▶ _Problem description_:
For this exercise, return the line containing "Llit o llits" and every line after it through the end of the records below, without alteration.

** Opening Data for the task block **

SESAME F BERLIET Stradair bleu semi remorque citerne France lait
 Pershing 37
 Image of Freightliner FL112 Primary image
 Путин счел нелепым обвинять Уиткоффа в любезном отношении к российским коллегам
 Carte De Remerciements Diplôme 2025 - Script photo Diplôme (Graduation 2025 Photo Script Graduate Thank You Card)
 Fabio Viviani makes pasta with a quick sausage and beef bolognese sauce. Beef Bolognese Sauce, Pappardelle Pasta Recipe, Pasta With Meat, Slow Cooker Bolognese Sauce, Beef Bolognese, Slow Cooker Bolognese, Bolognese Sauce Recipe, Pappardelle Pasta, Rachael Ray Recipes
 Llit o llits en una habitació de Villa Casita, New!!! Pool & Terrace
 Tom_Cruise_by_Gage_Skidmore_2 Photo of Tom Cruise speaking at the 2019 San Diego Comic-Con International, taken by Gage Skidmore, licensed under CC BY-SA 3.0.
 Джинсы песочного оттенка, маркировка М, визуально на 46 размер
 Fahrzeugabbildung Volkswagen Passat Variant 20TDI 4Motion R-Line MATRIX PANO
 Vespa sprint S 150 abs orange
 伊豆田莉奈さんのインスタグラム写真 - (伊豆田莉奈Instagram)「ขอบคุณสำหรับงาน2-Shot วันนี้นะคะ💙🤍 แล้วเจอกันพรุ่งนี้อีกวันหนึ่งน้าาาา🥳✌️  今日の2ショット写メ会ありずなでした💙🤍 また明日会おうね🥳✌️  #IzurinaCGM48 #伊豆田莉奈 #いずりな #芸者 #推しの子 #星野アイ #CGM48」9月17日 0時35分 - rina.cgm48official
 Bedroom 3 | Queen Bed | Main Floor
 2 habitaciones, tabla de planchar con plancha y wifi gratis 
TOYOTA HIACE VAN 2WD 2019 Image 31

** Closing Data for the task block **

▶ _Expected answer_:
 Llit o llits en una habitació de Villa Casita, New!!! Pool & Terrace
 Tom_Cruise_by_Gage_Skidmore_2 Photo of Tom Cruise speaking at the 2019 San Diego Comic-Con International, taken by Gage Skidmore, licensed under CC BY-SA 3.0.
 Джинсы песочного оттенка, маркировка М, визуально на 46 размер
 Fahrzeugabbildung Volkswagen Passat Variant 20TDI 4Motion R-Line MATRIX PANO
 Vespa sprint S 150 abs orange
 伊豆田莉奈さんのインスタグラム写真 - (伊豆田莉奈Instagram)「ขอบคุณสำหรับงาน2-Shot วันนี้นะคะ💙🤍 แล้วเจอกันพรุ่งนี้อีกวันหนึ่งน้าาาา🥳✌️  今日の2ショット写メ会ありずなでした💙🤍 また明日会おうね🥳✌️  #IzurinaCGM48 #伊豆田莉奈 #いずりな #芸者 #推しの子 #星野アイ #CGM48」9月17日 0時35分 - rina.cgm48official
 Bedroom 3 | Queen Bed | Main Floor
 2 habitaciones, tabla de planchar con plancha y wifi gratis 
TOYOTA HIACE VAN 2WD 2019 Image 31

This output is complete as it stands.